About this task: With the images removed, transcribe the listing that follows exactly.

Data shown:
---
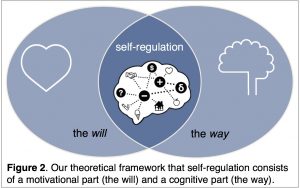 Our theoretical framework that self-regulation consists of a motivational part (the will) and a cognitive part (the way).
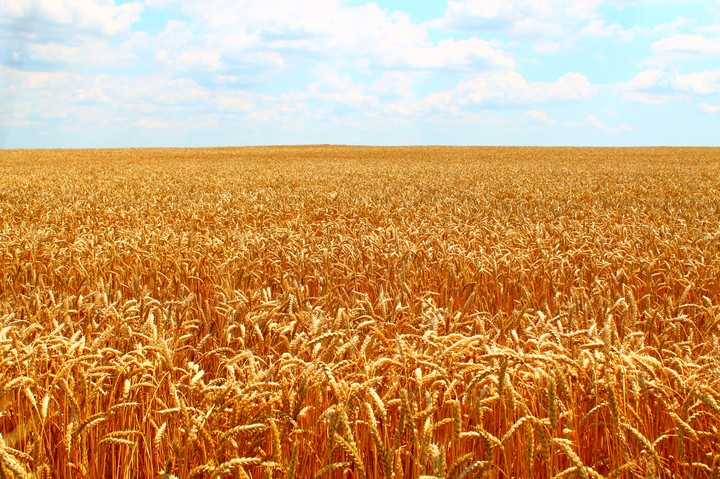 Ukraine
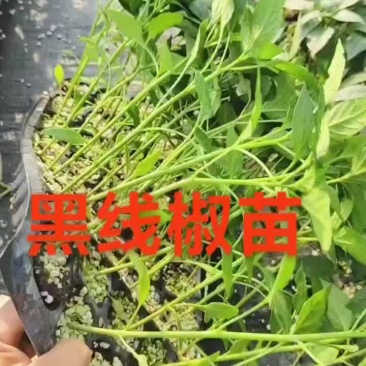 黑线椒苗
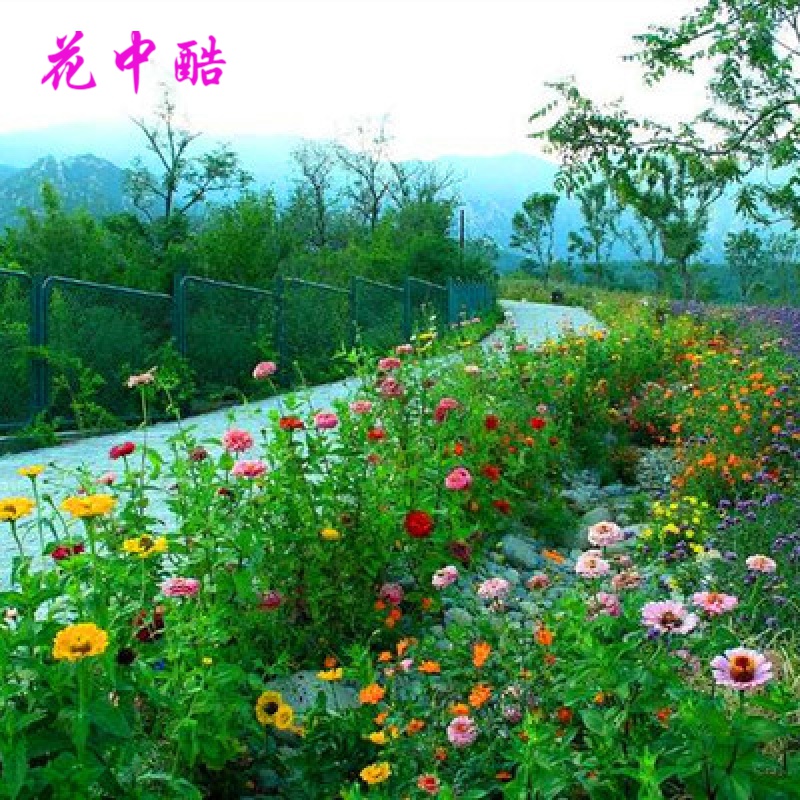 花中酷 草花种子 适合夏天种的花仔混合野花组合花种籽子四季路边室外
---
Response to the exercise:
 Our theoretical framework that self-regulation consists of a motivational part (the will) and a cognitive part (the way).
 Ukraine
 黑线椒苗
 花中酷 草花种子 适合夏天种的花仔混合野花组合花种籽子四季路边室外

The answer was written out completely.